Sports Data Mining
Sports Data Mining has experienced rapid growth in recent years. Beginning with fantasy league players and sporting enthusiasts seeking an edge in predictions, tools and techniques began to be developed to better measure both player and team performance. These new methods of performance measurement are starting to get the attention of major sports franchises including baseball’s Boston Red Sox and Oakland Athletics as well as soccer’s AC Milan. Before the advent of data mining, sports organizations relied almost exclusively on human expertise. It was believed that domain experts (coaches, managers and scouts) could effectively convert their collected data into usable knowledge. As the different types of data collected grew in scope, these organizations sought to find more practical methods to make sense of what they had. This led first to the addition of in-house statisticians to create better measures of performance and better decision-making criteria. The second step was to find more practical methods to extract valuable knowledge using data mining techniques.
Sports organizations are sitting on a wealth of data and need ways to harness it. Our Sports Data Mining research highlights current measurement inadequacies and showcases data mining, web mining, web mashups, and cloud computing techniques to make better usage of collected sports data. Properly leveraging Sports Data Mining techniques can result in better team performance by matching players to certain situations, identifying individual player contribution, evaluating the tendencies of opposition, and exploiting any weaknesses.
Incredible amounts of data exist across all domains of sports. This data can come in the form of individual player performance, coaching or managerial decisions, game-based events and/or how well the team functions together. The task is not how to collect the data, but what data should be collected and how to make the best use of it. By finding the right ways to make sense of data and turning it into actionable knowledge, sports organizations have the potential to secure a competitive advantage over their peers. This knowledge-seeking approach can be applied throughout the entire organization. From players improving their game-time performance using video analysis techniques, to scouts using statistical analysis and projection techniques to identify what talent will provide the biggest impact, data mining is quickly becoming an integral part of the sports decision making landscape where managers and coaches using machine learning and simulation techniques can find optimal strategies for an entire upcoming season.
The first part of the problem is to identify the metrics of performance. Many existing sports metrics can be easily misused or worse, do not measure performance in the context of scoring more points than their opponents, which is the ultimate goal of any sports organization. There are often problems with using these statistics as performance measures and it can be important for coaches, players, managers, and owners to consider newer sport-specific statistics that take into account point scoring behavior in performance assessment.

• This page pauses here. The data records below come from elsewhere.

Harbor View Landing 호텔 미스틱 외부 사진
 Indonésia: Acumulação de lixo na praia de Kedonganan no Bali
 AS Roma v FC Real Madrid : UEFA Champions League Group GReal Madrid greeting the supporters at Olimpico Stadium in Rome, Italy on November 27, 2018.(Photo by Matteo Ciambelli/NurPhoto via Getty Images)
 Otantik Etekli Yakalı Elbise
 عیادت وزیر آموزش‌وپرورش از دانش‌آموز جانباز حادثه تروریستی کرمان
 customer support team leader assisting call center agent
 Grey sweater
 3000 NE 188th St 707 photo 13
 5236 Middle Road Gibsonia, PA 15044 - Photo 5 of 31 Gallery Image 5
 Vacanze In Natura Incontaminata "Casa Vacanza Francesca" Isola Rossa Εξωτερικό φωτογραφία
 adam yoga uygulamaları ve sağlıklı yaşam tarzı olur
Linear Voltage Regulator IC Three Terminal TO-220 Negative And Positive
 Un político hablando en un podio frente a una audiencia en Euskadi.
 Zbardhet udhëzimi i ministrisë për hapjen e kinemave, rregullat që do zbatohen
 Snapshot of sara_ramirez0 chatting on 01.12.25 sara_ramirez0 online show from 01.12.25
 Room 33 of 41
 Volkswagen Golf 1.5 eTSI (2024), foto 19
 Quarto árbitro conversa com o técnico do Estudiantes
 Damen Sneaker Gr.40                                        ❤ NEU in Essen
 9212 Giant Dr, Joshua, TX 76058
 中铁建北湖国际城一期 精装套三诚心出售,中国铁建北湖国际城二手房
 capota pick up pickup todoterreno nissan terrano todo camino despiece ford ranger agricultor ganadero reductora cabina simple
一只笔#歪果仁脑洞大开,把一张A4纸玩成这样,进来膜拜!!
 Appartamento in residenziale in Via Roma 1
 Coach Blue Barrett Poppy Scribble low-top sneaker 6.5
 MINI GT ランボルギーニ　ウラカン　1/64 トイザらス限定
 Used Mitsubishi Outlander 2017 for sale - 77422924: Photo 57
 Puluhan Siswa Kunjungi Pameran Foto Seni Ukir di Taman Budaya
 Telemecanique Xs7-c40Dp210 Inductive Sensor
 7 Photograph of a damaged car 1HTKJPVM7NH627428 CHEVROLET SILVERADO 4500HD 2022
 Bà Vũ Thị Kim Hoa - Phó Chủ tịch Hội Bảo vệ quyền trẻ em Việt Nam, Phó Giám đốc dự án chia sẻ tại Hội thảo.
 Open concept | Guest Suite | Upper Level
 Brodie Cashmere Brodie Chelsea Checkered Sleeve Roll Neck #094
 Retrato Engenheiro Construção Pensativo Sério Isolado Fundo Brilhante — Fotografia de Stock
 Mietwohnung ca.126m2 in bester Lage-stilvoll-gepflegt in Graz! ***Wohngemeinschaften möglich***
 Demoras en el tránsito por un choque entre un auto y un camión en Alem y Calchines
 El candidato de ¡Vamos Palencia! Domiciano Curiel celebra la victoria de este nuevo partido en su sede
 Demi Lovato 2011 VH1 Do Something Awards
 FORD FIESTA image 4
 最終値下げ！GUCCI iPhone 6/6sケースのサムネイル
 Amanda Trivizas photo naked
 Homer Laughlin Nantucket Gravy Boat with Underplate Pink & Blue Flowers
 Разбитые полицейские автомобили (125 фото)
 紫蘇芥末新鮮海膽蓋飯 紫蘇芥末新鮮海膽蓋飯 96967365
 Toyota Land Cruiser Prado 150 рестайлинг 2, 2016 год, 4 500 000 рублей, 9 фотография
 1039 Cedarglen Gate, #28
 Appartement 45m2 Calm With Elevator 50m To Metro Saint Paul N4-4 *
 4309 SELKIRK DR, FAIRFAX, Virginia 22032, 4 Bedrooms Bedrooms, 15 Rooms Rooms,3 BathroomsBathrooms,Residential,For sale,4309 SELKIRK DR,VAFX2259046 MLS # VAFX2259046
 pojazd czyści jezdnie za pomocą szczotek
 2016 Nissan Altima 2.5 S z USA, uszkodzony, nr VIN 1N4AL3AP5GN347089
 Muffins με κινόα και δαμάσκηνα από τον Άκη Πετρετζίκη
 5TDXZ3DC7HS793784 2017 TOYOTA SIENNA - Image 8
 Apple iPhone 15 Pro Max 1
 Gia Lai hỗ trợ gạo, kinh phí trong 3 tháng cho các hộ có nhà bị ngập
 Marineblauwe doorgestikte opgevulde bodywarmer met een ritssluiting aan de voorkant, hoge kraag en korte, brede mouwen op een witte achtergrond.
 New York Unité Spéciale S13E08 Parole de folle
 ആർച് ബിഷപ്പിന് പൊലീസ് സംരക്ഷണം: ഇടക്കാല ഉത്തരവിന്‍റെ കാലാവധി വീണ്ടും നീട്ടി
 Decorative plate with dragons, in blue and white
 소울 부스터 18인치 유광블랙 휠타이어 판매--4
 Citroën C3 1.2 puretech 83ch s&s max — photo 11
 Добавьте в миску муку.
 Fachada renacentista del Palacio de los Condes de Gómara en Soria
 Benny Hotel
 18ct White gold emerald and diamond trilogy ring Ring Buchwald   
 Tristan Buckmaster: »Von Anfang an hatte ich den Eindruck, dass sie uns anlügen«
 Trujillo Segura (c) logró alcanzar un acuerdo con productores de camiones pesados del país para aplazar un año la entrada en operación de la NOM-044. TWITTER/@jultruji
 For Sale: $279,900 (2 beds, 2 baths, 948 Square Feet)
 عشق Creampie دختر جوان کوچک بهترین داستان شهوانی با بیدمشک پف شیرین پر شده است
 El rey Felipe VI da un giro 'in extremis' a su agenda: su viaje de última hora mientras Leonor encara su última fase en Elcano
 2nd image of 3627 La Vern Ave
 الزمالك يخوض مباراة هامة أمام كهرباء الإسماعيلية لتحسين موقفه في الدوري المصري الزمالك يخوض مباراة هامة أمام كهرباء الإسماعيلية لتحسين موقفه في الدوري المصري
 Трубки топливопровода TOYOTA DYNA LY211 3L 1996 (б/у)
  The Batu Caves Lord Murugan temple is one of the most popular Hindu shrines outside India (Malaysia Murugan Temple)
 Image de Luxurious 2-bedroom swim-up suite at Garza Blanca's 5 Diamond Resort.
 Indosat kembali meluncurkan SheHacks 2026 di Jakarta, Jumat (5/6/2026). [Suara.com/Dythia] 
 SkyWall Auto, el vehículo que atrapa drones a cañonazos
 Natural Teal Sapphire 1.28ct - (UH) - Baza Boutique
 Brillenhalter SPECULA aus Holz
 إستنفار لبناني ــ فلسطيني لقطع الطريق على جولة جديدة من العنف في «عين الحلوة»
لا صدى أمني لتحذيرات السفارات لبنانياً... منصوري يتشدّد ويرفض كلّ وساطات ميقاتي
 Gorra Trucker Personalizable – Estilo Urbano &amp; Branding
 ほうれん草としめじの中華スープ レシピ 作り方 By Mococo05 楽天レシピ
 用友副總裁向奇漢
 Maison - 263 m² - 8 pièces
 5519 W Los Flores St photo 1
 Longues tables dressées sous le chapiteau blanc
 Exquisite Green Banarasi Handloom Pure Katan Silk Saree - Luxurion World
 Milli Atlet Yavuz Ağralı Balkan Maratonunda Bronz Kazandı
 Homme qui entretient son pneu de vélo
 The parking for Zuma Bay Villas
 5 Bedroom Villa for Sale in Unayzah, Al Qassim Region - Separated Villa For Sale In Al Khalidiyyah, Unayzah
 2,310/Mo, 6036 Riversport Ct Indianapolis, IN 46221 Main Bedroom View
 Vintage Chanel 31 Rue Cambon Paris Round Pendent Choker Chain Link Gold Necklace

The second part of the problem is to find interesting patterns within the data. These patterns could include the trends and tendencies of opposing players/teams, determine the onset of injury through the monitoring of workout performances or make sport-related predictions based on historical data. Knowing different machine learning and simulation techniques that can be applied will be an important part of the solution.
Professional sports organizations can be multi-million dollar enterprises with millions of dollars spent on a single decision. With this amount of capital at stake, just one bad or misguided decision has the potential of setting an organization back by several years. With such a large array of risk and a critical need to make good decisions, the sports industry is an attractive environment for data mining applications.
- R. Schumaker, O. Solieman, and H. Chen, Sports Data Mining, Springer, 2010.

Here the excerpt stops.